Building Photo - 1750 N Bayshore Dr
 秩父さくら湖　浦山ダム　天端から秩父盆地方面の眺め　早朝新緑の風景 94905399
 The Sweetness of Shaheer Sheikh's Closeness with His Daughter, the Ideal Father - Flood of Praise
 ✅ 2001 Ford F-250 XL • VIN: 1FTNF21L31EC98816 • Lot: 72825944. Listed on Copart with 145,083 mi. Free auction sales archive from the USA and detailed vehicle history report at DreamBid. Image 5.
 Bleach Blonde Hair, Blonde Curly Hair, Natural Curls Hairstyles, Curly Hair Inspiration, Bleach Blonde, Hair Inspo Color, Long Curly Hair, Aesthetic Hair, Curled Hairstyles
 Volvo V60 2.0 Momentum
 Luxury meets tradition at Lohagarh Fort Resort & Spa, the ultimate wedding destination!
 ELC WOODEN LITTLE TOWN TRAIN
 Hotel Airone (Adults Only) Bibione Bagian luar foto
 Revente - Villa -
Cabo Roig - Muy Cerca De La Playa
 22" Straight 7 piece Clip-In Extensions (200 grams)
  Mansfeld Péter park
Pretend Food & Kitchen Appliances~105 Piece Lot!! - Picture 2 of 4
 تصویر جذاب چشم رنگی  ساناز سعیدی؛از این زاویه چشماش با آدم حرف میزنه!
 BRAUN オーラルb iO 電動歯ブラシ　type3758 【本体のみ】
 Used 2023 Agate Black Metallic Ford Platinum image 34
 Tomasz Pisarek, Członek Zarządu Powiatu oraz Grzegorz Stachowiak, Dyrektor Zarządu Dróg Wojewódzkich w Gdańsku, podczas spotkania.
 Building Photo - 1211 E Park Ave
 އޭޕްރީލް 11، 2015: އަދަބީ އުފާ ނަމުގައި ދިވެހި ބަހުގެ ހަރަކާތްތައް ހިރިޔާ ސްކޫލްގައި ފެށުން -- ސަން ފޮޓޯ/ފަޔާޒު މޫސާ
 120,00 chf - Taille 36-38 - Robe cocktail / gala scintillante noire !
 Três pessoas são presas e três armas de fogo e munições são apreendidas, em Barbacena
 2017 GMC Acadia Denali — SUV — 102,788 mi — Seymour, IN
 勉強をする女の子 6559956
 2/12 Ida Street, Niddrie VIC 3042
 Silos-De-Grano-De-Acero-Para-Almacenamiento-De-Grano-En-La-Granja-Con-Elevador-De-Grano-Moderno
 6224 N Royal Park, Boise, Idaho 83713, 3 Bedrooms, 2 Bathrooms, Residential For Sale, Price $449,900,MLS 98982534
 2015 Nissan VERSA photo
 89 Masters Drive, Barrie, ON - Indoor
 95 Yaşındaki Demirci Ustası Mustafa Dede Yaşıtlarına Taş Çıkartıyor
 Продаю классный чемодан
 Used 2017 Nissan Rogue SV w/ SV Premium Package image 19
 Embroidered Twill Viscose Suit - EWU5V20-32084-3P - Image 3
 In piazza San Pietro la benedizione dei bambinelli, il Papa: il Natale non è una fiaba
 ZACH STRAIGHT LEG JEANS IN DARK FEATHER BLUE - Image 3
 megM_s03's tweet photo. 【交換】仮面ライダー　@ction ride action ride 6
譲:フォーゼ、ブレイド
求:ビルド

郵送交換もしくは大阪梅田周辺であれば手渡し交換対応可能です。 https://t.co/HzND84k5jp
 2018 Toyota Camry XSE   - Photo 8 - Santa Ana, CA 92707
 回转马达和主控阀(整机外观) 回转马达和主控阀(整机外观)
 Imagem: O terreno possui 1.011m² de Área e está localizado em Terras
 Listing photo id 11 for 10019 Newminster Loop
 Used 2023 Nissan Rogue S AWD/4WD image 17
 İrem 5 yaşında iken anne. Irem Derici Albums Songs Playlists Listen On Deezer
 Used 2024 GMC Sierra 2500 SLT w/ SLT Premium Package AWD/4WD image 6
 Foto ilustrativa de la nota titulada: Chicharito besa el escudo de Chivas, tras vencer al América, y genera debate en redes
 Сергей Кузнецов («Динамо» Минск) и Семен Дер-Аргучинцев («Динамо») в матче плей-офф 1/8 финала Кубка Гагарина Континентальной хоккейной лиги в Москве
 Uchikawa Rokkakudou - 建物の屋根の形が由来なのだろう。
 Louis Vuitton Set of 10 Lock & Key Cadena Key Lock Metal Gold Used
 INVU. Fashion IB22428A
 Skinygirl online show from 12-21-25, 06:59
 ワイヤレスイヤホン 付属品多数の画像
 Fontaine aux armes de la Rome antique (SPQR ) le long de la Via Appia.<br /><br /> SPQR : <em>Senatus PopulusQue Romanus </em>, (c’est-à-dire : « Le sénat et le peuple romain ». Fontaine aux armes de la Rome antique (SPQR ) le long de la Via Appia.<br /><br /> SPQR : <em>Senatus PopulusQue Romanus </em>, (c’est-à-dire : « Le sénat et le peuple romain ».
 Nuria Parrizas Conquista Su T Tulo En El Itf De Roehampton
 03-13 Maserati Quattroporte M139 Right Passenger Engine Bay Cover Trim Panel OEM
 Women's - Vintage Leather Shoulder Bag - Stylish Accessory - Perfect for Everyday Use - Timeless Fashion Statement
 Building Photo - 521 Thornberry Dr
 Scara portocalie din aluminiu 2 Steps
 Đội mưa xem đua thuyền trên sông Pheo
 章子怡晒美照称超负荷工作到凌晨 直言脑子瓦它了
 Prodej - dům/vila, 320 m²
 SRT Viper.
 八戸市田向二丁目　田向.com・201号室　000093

══════════════════════════════

Among the lines above, tally those containing the string "Ford" and give only the result.

Result of the exercise: 2